“The problem is not that there isn't enough drug company money available for CME. The problem is that there's so much that it's distorting the entire system.” That was the pro-vocative comment made by Richard Van Harrison, PhD, CME director at the University of Michigan Medical School, when we interviewed him for an article on alternative sources for CME (see page 22). Intrigued, we asked Harrison, who also is a member of the National Task Force on CME Provider/Industry Collaboration, and the Working Group on Communication about Ethical Gifts to Physicians from Industry, to expand on his comment.

Q: According to the most recent figures available from the Accreditation Council for CME, a little more than half of nationally accredited CME providers' total CME income — more than a half-billion dollars — comes from commercial support, advertising, and exhibits. What would happen if the pharma portion of that money suddenly disappeared?

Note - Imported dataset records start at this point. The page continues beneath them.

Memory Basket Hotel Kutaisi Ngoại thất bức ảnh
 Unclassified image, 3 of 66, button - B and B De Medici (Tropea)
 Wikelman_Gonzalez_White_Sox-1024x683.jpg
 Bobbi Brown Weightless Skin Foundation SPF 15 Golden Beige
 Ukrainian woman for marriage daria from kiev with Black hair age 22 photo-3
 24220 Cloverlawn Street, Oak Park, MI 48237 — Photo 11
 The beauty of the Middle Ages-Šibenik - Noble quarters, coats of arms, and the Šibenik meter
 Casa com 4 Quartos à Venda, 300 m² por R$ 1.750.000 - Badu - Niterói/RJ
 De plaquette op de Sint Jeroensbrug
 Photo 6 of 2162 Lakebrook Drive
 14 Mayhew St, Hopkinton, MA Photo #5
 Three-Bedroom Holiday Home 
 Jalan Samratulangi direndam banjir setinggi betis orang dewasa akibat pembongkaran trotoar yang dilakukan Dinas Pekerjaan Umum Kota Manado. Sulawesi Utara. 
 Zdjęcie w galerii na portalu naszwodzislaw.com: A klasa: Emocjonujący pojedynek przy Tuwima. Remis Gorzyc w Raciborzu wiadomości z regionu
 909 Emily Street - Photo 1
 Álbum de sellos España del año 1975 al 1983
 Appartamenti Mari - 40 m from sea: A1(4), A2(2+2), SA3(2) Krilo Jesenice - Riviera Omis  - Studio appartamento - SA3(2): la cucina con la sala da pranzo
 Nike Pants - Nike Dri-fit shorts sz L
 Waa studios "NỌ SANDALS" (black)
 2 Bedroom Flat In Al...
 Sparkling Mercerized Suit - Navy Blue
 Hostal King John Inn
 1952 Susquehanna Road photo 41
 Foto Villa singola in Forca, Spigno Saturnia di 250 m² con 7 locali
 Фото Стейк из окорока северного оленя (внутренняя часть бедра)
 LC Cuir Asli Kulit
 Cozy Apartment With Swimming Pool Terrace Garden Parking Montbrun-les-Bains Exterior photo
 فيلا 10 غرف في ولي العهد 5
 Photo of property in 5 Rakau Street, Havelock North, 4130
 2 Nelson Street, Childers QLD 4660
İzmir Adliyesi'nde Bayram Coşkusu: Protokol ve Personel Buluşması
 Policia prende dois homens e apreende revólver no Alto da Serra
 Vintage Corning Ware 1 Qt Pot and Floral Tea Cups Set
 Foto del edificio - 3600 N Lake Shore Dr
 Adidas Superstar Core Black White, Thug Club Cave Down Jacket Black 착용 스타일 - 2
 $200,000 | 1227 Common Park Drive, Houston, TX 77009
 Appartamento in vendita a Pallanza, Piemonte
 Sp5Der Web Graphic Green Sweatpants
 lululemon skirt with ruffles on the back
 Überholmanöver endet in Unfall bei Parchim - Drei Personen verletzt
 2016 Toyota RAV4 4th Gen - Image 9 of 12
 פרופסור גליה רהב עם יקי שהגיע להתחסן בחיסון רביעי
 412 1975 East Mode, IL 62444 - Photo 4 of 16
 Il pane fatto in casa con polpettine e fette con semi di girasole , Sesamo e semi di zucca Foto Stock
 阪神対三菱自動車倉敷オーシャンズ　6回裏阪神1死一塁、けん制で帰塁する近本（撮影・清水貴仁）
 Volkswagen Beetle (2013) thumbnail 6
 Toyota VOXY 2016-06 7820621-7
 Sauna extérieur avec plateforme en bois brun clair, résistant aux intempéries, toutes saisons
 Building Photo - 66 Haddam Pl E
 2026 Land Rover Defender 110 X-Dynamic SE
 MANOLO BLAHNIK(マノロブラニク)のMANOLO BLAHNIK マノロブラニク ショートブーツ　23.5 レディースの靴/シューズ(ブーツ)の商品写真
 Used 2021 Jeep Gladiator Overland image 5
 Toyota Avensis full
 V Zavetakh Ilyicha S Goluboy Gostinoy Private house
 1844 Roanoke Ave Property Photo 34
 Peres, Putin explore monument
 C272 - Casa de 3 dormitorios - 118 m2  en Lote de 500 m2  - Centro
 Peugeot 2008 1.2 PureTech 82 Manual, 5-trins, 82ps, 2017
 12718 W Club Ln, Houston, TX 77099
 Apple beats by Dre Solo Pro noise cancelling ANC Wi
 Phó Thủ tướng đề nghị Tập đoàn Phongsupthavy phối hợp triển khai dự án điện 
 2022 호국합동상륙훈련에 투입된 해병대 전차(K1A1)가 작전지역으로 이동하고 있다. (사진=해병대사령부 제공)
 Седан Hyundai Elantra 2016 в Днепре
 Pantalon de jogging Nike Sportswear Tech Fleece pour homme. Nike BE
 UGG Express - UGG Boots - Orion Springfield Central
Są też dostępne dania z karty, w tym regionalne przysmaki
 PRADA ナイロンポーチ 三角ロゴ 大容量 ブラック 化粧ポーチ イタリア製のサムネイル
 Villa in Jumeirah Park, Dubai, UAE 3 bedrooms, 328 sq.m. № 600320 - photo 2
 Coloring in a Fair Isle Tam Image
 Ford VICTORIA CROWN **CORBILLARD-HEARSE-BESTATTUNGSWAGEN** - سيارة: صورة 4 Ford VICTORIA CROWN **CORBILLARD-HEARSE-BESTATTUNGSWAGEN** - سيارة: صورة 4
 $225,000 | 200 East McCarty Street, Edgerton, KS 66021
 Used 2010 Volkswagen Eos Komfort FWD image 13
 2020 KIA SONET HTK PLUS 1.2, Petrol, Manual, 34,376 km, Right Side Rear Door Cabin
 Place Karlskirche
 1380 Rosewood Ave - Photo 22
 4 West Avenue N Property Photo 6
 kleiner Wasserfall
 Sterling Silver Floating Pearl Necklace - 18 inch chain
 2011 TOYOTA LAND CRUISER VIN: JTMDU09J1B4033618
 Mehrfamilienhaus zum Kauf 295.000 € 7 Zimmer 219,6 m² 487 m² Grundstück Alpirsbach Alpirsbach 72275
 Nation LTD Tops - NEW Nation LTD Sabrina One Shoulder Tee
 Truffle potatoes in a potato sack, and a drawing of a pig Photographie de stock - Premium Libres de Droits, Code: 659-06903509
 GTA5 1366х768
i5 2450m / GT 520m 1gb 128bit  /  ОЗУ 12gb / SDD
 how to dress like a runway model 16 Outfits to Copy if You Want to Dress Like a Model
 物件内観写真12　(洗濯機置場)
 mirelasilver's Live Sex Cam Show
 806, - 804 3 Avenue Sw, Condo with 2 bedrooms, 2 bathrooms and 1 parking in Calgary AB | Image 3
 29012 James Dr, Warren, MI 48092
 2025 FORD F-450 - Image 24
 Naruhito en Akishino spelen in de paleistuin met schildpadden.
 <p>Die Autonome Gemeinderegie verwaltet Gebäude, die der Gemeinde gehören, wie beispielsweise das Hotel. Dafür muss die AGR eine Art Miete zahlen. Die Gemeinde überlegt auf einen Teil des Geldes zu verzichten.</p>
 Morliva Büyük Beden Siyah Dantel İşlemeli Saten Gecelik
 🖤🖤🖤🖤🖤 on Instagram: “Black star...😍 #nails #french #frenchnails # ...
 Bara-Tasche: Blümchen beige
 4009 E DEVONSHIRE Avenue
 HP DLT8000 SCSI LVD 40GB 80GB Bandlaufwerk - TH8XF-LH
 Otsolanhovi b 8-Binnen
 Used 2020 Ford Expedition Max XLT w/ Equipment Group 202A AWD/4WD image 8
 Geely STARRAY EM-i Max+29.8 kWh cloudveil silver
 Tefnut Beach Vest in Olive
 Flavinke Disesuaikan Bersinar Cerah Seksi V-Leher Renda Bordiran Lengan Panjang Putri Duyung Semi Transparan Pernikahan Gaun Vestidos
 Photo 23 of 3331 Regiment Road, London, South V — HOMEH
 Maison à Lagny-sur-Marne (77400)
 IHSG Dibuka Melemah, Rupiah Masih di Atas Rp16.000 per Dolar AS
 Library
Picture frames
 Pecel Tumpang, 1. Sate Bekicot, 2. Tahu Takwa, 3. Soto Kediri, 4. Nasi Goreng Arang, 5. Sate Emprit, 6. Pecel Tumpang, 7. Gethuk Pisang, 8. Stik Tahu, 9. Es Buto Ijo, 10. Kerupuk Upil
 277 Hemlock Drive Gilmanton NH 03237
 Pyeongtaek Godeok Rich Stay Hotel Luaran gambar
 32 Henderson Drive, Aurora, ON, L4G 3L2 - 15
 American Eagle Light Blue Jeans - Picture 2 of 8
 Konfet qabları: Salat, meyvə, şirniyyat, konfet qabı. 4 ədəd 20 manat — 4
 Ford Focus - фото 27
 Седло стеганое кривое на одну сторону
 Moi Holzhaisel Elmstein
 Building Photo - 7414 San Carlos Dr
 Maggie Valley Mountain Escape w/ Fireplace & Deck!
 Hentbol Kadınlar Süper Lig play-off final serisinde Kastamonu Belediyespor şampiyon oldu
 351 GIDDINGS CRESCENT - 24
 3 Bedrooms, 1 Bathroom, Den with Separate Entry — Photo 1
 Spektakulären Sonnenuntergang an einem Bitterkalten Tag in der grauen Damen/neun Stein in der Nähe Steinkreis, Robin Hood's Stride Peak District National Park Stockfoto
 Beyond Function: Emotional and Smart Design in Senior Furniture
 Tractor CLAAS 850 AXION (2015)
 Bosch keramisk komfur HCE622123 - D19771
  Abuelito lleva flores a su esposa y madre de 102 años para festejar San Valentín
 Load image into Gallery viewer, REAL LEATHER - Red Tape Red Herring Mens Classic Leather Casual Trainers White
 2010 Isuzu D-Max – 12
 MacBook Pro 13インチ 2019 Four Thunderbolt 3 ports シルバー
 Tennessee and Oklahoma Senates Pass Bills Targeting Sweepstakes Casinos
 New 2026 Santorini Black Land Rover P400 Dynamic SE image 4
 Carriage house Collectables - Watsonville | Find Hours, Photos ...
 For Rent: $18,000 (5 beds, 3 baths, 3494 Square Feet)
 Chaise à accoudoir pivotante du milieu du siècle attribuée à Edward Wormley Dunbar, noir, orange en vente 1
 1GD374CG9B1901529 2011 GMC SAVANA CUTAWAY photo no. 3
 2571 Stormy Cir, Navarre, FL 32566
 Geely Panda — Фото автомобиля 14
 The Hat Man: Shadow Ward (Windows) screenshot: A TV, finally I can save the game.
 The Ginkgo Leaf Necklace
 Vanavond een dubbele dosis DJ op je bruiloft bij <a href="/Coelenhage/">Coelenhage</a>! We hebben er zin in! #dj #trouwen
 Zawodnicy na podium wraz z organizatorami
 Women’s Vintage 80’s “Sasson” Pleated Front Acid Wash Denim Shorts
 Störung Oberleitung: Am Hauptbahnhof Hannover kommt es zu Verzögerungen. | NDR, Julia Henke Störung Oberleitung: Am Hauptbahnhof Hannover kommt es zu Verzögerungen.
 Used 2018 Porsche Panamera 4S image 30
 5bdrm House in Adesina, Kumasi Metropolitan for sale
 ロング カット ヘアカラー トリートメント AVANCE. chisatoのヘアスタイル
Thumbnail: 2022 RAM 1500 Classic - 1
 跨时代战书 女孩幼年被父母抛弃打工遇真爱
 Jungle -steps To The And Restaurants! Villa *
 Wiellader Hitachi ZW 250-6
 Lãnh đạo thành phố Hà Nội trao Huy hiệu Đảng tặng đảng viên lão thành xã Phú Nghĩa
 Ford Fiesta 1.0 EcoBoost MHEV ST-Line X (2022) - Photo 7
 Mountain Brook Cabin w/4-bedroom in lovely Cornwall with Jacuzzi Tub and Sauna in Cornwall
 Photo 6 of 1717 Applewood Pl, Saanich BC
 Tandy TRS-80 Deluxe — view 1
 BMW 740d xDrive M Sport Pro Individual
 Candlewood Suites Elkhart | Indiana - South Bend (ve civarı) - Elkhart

A: A lot would change! If all the drug company money were wiped out tomorrow, CME providers would have to base their activities on what physicians felt was worth their time and money. There would be a lot fewer courses, physicians would have to pay a lot more for them, and the education would be really attuned to what physicians want to learn. Now education activities are only partially attuned.

Q: Why is that?

A: Because true “end purchaser” economics only partially apply in current CME financing. Because drug company marketing departments are only interested in supporting topics related to their drug area, CME curricula are distorted toward those areas. I'm not saying the content of specific presentations is biased, just that what's available is distorted compared to what physicians need to learn to better their practices and their bottom lines. Some financial help is appreciated in getting the word out about a new type of treatment that physicians are not aware of. But overkill quickly happens when several companies have new competing drugs. Some recent examples are new SSRIs for treating depression and new lipid-lowering drugs. Sometimes it seems as if all of the companies are paying for the same CME course to be put on in local hotels every Saturday morning for months.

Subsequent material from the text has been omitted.